Wednesday, 7 March 2012
Warrior down
Six British soldiers were missing and believed to have been killed after their Warrior MICV was hit by an explosion while they were on patrol in Helmand, reports the Reuters news agency.
The soldiers, five from the 3rd Battalion the Yorkshire Regiment and one from the 1st Battalion The Duke of Lancaster's Regiment, were on a mounted patrol when their vehicle was struck.
This brings the total number of British military deaths in the theatre since 2001 to 404, topping the 398 recorded on 13 February when SAC Ryan Tomlin was shot dead while on a routine patrol in the Western Dashte area.
This is the largest number of deaths from a single incident since September 2006 when 14 British personnel were killed in the crash of the Nimrod MR2, and is the most deadly single incident involving Army personnel on ground duties.

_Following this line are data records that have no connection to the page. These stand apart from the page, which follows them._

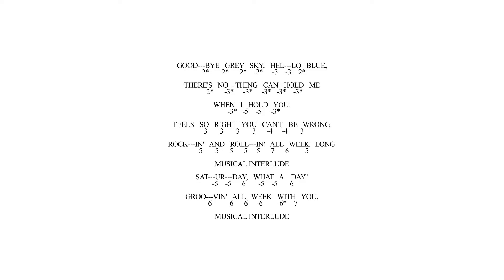Goodbye, grey skies, hello blue. There's nothing that can hold me when I hold you. You're so right, you can't be wrong. Rocking and rolling all week long. Saturday, what a day. Grooving all week with you.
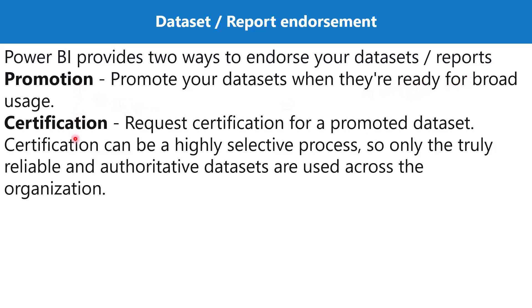Then the next level is called certification. In certification, you can request certification for a promoted dataset. Certification can be a highly selective process, so only the truly reliable and authoritative datasets are used across the organization. The next level which is above the promoted level is the certified level, and here this process is not in the control of one individual. Normally, the Power BI admin has the authority to actually define the process and has the authority in the Power BI settings to actually control the certification process.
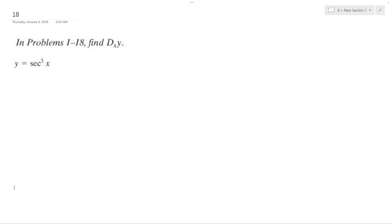So what we're going to do here is find the derivative of secant cubed x. What we do is I'm going to use the chain rule.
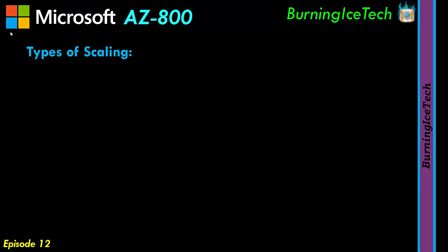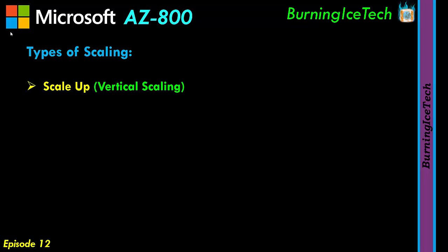With scaling you get two kinds, and these two are not just limited to the Azure portal. This is for all virtual machines whether they are on Azure, on-premises, and this actually extends even to physical machines. You get scale up, or vertical scaling, and you get scale out, or horizontal scaling.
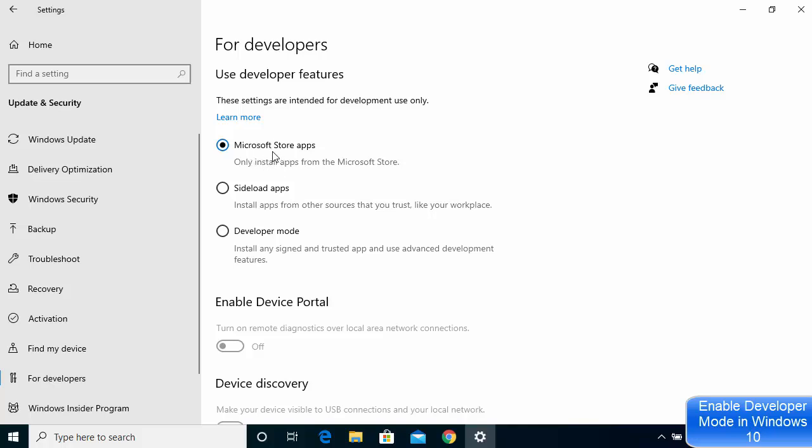What I need to do is choose this option which is the Developer Mode. Here under this, it's written that install any signed and untrusted app and use advanced development features. So just choose this option which says Developer Mode.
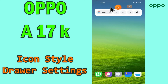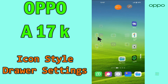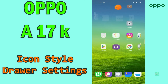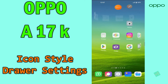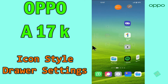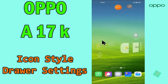Hi everyone, today in this video I'll show you how to use icon style in the notification drawer settings on your device, the Oppo A17K. If you want to change the icon style on the notification drawer, I'll tell you a few tips and tricks that you can use to do it. Before I start, if you are new to my channel, don't forget to subscribe and press the bell icon. Watch the complete video and learn how you can do it. Let's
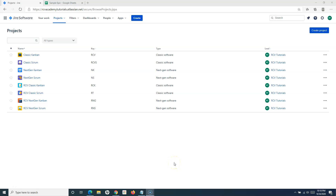Hello everyone, welcome again to another Jira cloud tutorial. In this tutorial we are going to learn how to close an epic in Jira. As we have already understood in the previous tutorials, all the issue types — epic, story, tasks, subtask — in Jira follow a defined workflow.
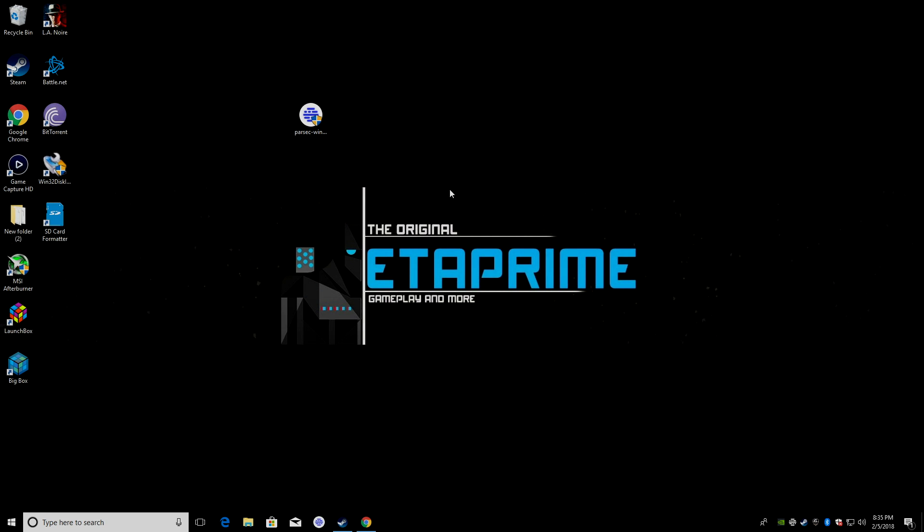Hey, what's going on guys? It's ETA Prime back here again. Today, I want to show you how to easily stream your PC games to your Raspberry Pi using an application called Parsec.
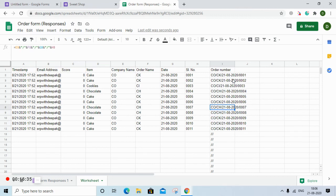This is how you create a ticketing system or order number capturing system. You can do much more — such as how to deliver the order using Google Maps, which we can learn in the next sessions. Do remember to subscribe to the channel for more updates, click the bell icon for notifications. Thank you very much.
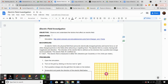We're going to work on our electric field investigation. The big objective is to understand the factors that affect an electric field. The main resource we have is the PhET simulation, and we have the link here.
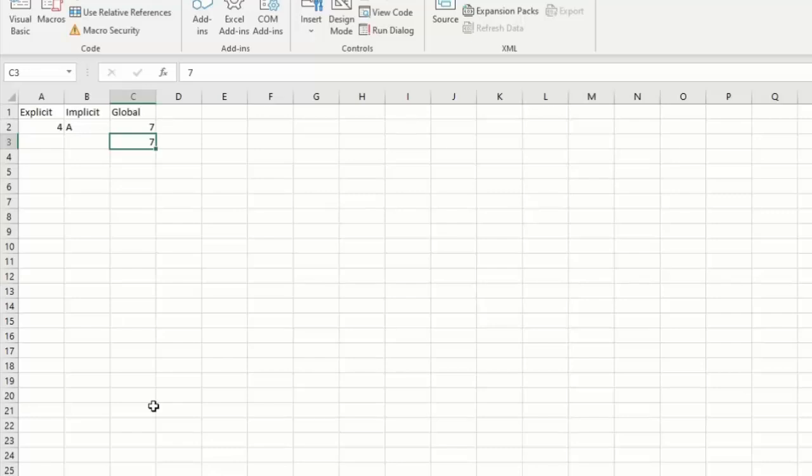So now we understand the different types and methods of declaring variables and we can move on with our Excel VBA coding tutorials.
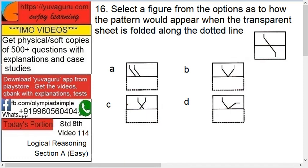Select the figure from the options — these are the four options as to how the pattern would appear when the transparent sheet is folded along the dotted line, along the center.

Given the significance the media attach to century events, there must be a suspicion that the media-savvy Taliban have mounted a "spectacular" to maximise media impact, and thus the embarrassment for British political leaders.
If that was the case, then - from their perspective - they have chosen well. Although the Warrior is an impressive-looking vehicle, with considerable ballistic protection, it is dangerously vulnerable when exposed to mines and IEDS, reflecting the traditional reluctance of British military specifiers to incorporate such protection in their armoured vehicles.

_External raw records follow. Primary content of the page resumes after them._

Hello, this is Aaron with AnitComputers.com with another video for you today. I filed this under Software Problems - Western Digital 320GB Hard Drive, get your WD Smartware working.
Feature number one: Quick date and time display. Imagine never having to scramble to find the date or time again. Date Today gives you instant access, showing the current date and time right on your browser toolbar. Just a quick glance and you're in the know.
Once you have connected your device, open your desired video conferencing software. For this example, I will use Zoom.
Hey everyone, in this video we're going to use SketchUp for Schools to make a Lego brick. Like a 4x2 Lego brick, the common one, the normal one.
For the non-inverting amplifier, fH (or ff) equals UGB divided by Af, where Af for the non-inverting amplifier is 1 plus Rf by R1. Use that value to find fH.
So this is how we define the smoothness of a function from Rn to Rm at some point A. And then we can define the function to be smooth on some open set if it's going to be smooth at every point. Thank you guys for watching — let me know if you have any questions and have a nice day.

For its precise role, however, there is nothing else that can provide its combination of off-road mobility and fire power, and it has been a valuable attribute in so-called "kinetic" operations.

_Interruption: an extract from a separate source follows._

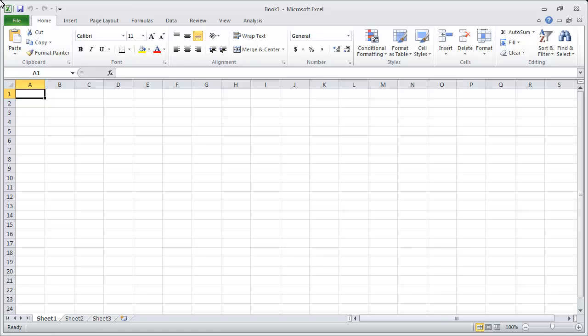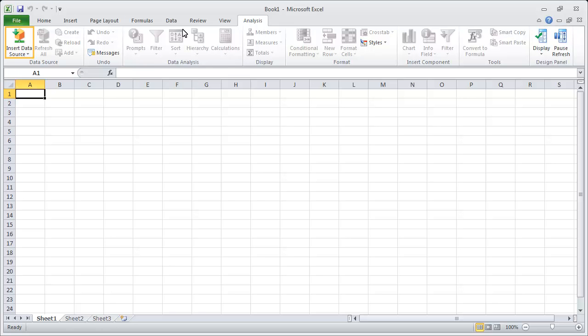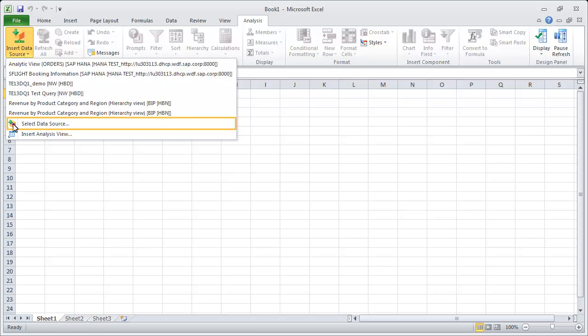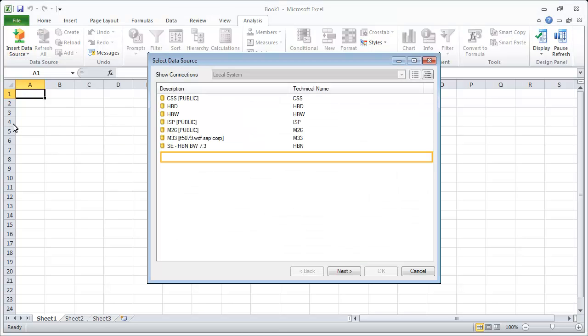In this tutorial, we'll connect to an SAP HANA system using an HTTP connection. Next we'll create a new SAP HANA connection.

Unfortunately, the Taliban have shown themselves only too well aware of British vehicle vulnerabilities and, in this case, seem to have exploited the limitations of the Warrior to particularly deadly effect. The explosion occurred on the main A1 highway, a tarmacked surface, so it was almost certainly a culvert bomb of the type that gave our troops in Northern Ireland so many problems.
The incident comes at a times when domestic political stresses are already pre-occupying British leaders, and this stark reminder of a "forgotten" and unpopular war can only serve to reaffirm the political determination to pull out before the next general election.